FIG. 4 illustrates an exemplary operation of the invention, for either a SAN client 205 or a NAS client 215. The figure displays an implementation in which SCSI storage-related commands are generated in the client computer and the storage server, but the ability to generate other types of storage-related commands will also be described. Both SAN clients 205 and NAS clients 215 include application layer 410 and operating system 420. SAN clients 205 also include a device driver layer which is shown in FIG. 4 as including local device driver 430 and SCSI device driver 435 a. The device driver layer can also include additional device drivers for each type of storage device that the operating system contemplates using. Thus, local device driver 430 would be a SCSI device driver if disk 130 a is a SCSI disk. If disk 130 a is an IDE disk, local device driver 430 would be an IDE device driver. Similarly, SCSI device driver 435 a is shown because it is generally preferable to present a SCSI interface to the operating system; however, it is just as easy, and may be more preferable in certain situations, to present an IDE interface to the operating system, generally in addition to the SCSI interface, but possibly instead of the SCSI interface. In such situations, the device layer would include an IDE device driver. (Analogously, other protocols such as Fibre Channel could also have an FC device driver. It is intended that discussions of protocols such as IDE can include Fibre Channel or other protocols, but for simplicity, these other protocols will generally not be specifically mentioned.) Local device driver 430 drives host adapter driver 465 a, whereas SCSI device driver 435 a drives SAN SCSI driver 440. If an IDE device driver were included, it would drive a “SAN IDE” driver.
 SAN clients 205 also include SAN/IP driver 445 a, UDP driver 450 a, IP driver 455 a, and NIC (Network Interface Card) driver 460 a. Note that SAN/IP driver 445 a, as will be described below, is not dedicated to a protocol-specific driver in the layer above it. Thus, if SAN client 205 also included an IDE device driver on the device driver layer, SAN/IP driver 445 a would also be able to accommodate the SAN IDE driver that interfaces with that IDE device driver.
 NAS clients 215 of the invention also include network redirector 470, TCP driver 475 a, IP driver 455 b, and NIC (Network Interface Card) driver 460 b. IP drivers 455 a, 455 b are identical and NIC drivers 460 a, 460 b are identical and serve to place IP and network headers, respectively, onto network commands.

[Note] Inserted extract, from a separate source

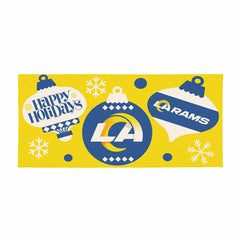 Los Angeles Rams Holiday Flocked Coir Sassafras Switch Mat, 22"x10" - NFL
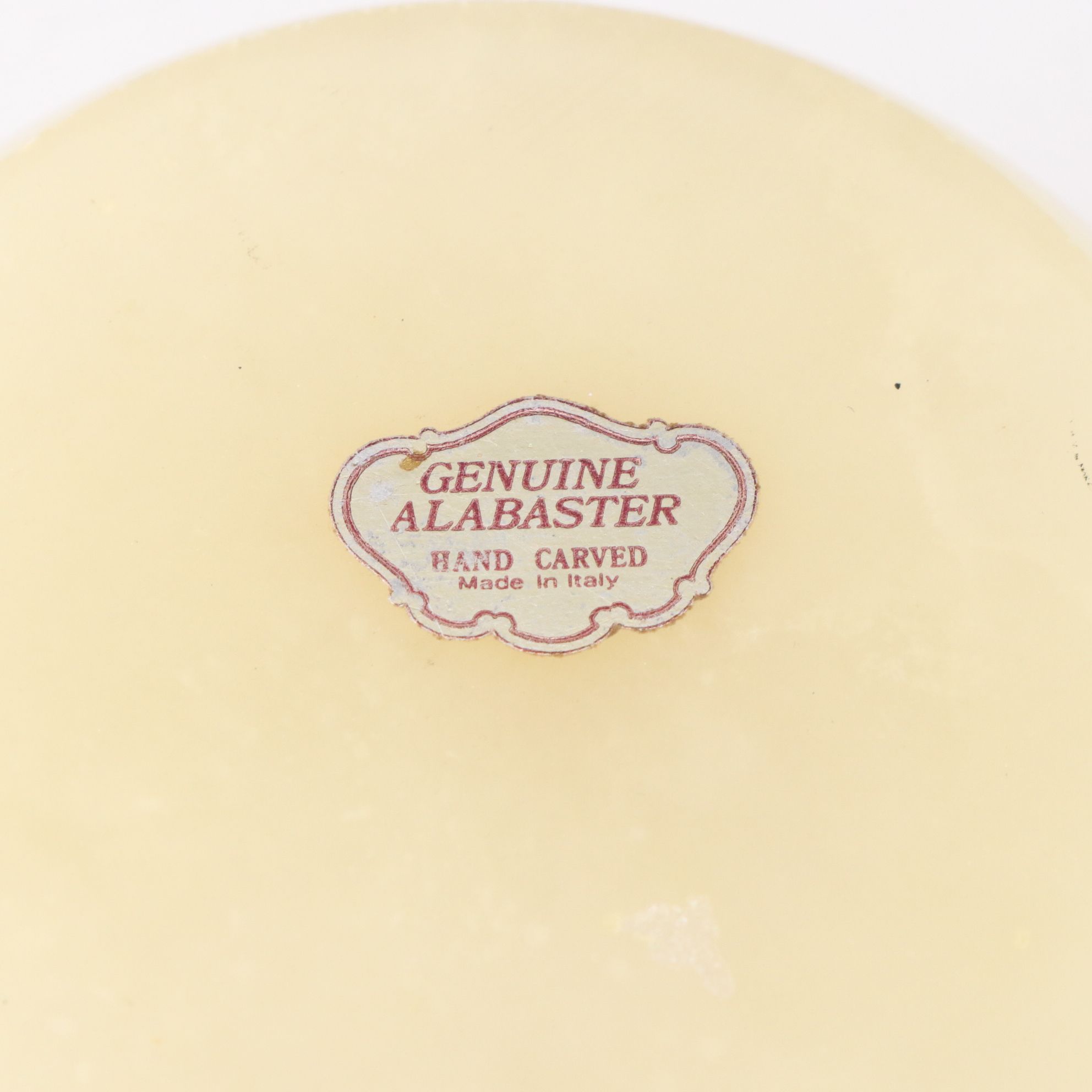Italian Alabaster Powder Box, with Cigarette Box and Hand-Decorated Vanity Boxes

 Storage server 240 includes provisions for communicating with both SAN and NAS clients. IP driver 455 c and NIC driver 460 c are complementary to IP drivers 455 a, 455 b and NIC drivers 460 a, 460 b, respectively, and serve to remove the IP and network headers from network commands. For SAN clients, storage server 240 also includes UDP driver 450 b and SAN/IP driver 445 b. For NAS clients, storage server 240 also includes TCP driver 475 b, SMB/NFS driver 480, NAS interpreter 485, and management services layer 496. Both types of clients use I/O core virtualization layer 490 and I/O core storage services layer 492, as well as SCSI device driver 435 b (if disk 130 b is a SCSI device) and host adapter driver 465 b. The latter two modules are identical to SCSI device driver 435 a and host adapter driver 465 a, respectively, except that they operate under the operating system of the storage server, here shown as Linux 498, but other operating systems such as Windows NT® and AIX may easily be used. When storage server 240 stores data on an IDE device, an IDE device driver is included in the device driver layer of the storage server, and a host adapter driver adapted to the IDE device will interface between the IDE device driver and the IDE device.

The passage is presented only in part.